__Material for this task__:
Content starts
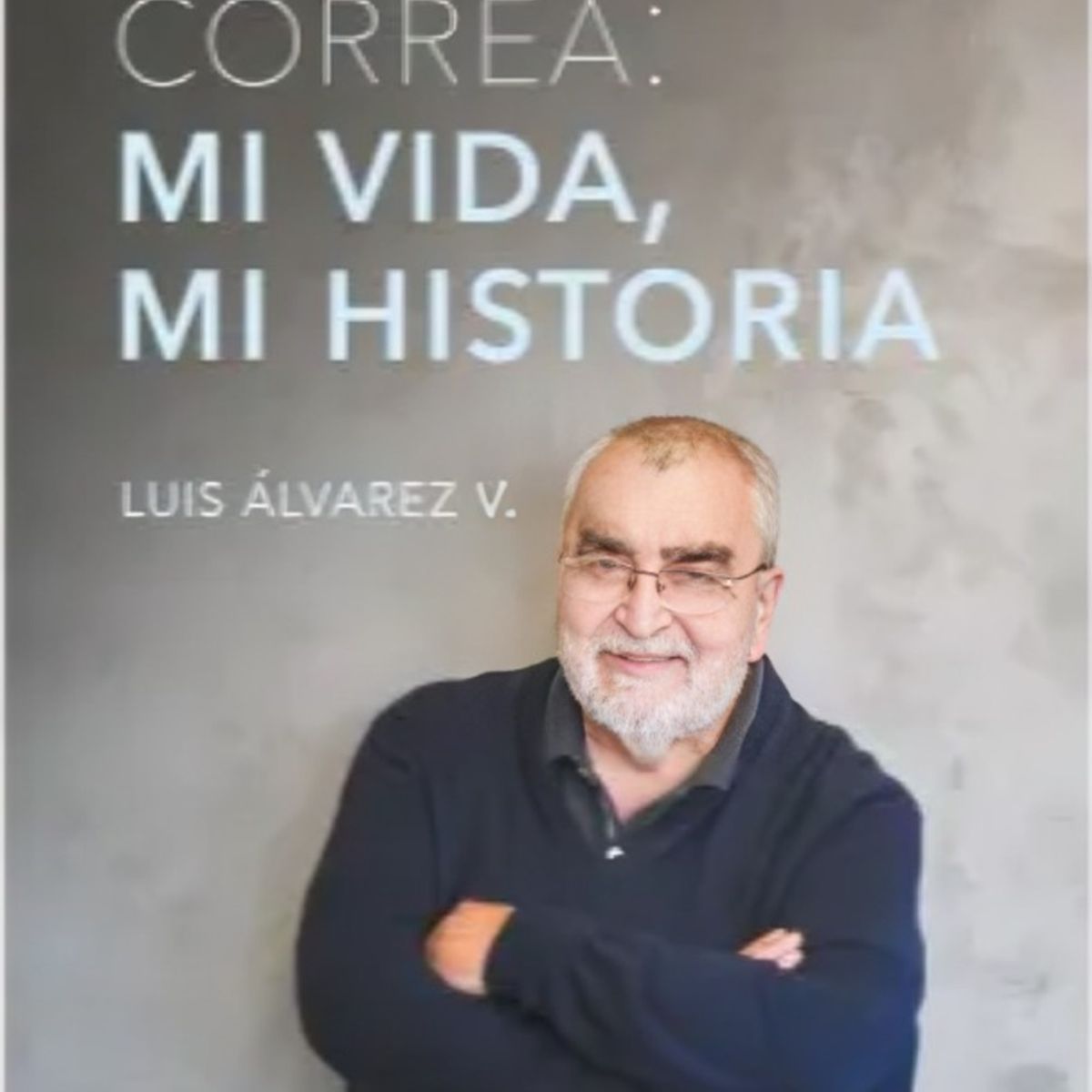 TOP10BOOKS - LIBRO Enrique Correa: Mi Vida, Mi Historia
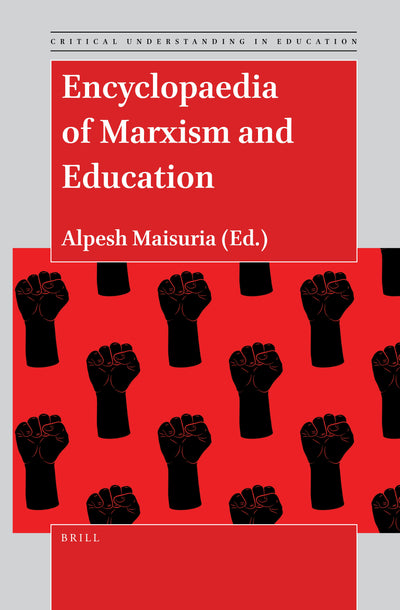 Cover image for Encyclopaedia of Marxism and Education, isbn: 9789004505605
Content ends
Content starts
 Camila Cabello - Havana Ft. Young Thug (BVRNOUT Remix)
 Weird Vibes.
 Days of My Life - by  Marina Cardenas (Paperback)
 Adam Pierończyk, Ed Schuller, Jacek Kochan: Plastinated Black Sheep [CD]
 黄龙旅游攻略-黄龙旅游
Content ends
__Task to carry out__: Would you please copy exactly the part of the entries above that begins at the line containing "Weird Vibes." and ends at the line containing "黄龙旅游攻略-黄龙旅游", both lines included?

__Solution__:
 Weird Vibes.
 Days of My Life - by  Marina Cardenas (Paperback)
 Adam Pierończyk, Ed Schuller, Jacek Kochan: Plastinated Black Sheep [CD]
 黄龙旅游攻略-黄龙旅游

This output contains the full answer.